L'argent allait lui être remis en extras ou par d'autres moyens, précise Gilles Cloutier.

Entre-temps, Gilles Cloutier envoie une fausse facture pour des honoraires professionnels à Yves Loiselle pour 30 000 $. « Yves m'a fait un chèque la même journée », dit-il. Cloutier l'encaisse et remet l'argent comptant à France Michaud.

Le ministre Fournier mis à contribution

Pour faire progresser le dossier de l'usine, Jean Beaudoin de Roche est allé rencontrer le député libéral qui représentait la municipalité du maire Vaudrin. « Il lui a dit: ''faut sortir la subvention'' », a relaté Gilles Cloutier.

« Il a été voir [l'ex-ministre libéral] Jean Marc Fournier. Et moi j'ai parlé à Jean-Marc Fournier. Pis la subvention est sortie. Peut-être cinq ou six mois après. »

Gilles Cloutier dit que lors de sa rencontre avec Jean-Marc Fournier, il avait fait valoir que la demande de subvention avait été acheminée au gouvernement et qu'il devrait « faire son possible » pour la donner le plus rapidement possible.

M. Cloutier précise en outre que le comité de sélection constitué pour l'appel de qualification auquel a répondu Roche pour le contrat de l'usine d'épuration avait été constitué par le maire Vaudrin afin que Roche obtienne le contrat.

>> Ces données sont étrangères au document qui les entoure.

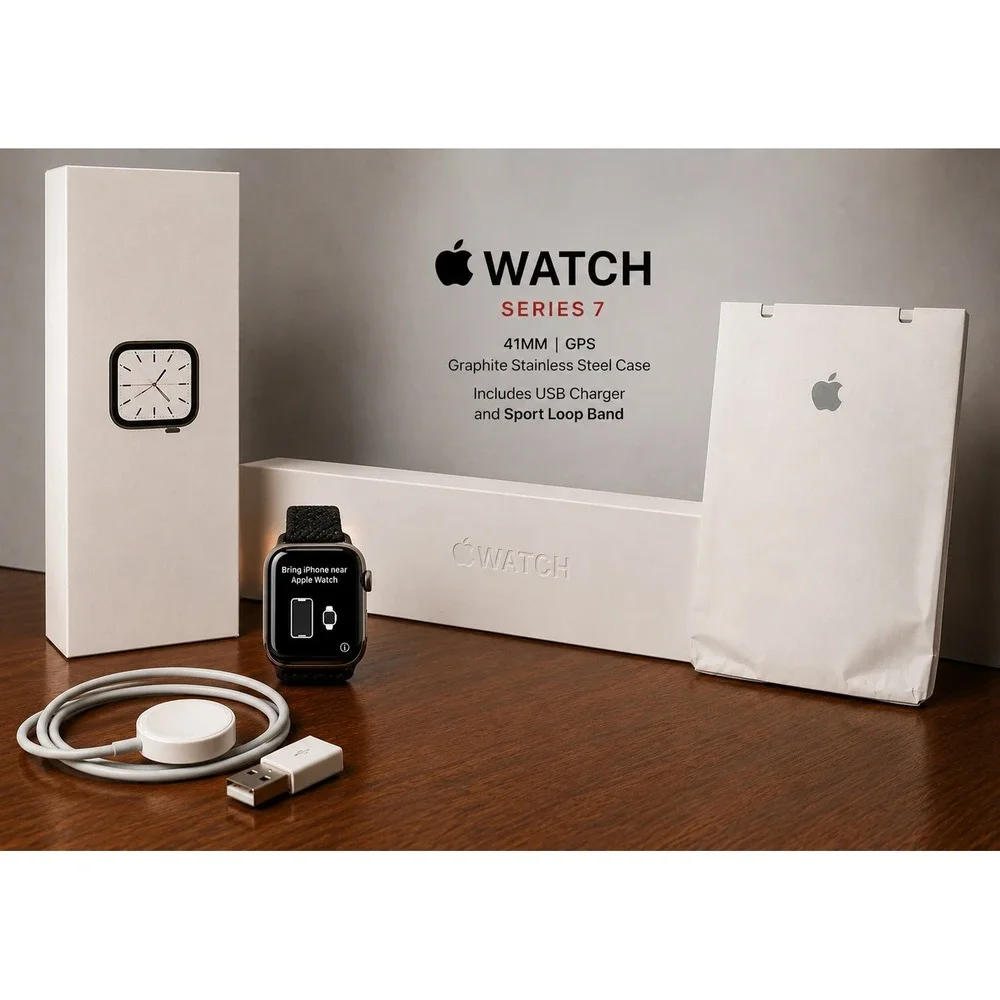 Apple Watch Bundle Series‎ 7 41mm Graphite Stainless Steel GPS USB charger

Gilles Cloutier soutient qu'il a lui-même expliqué au maire comment procéder en lui expliquant qu'il voulait une note de 87. Roche a obtenu une note légèrement supérieure et a devancé ses deux concurrents, dont Genivar.

Selon Gilles Cloutier, le contrat de l'usine de filtration a été très profitable, tant pour Roche que pour Loiselle et frères. Sans compter le maire Vaudrin et son petit-fils, émerveillés par leurs idoles.

Fournier dément avoir mal agi

Jean-Marc Fournier a réfuté avec force et vigueur les assertions de M. Cloutier à son sujet.

« Je n'ai rien à me reprocher là-dedans. Ce n'est pas parce que je suis allé donner la main à 200 maires [...] au Stade olympique que je suis redevable de quoi que ce soit. Je ne suis redevable de rien. J'ai assumé mes fonctions », a-t-il plaidé dans un premier temps, au sujet de sa présence à la soirée de Roche au stade.

« Il y avait des dossiers comme celui-là, dont le député péquiste disait que ça faisait 10 ans qu'on attendait le projet. Alors là ce n'est pas vrai qu'un monsieur dit que c'est à cause de lui que c'est arrivé. Il y avait une pression que la population puisse l'avoir ce projet-là », a-t-il conclu sur l'usine d'épuration.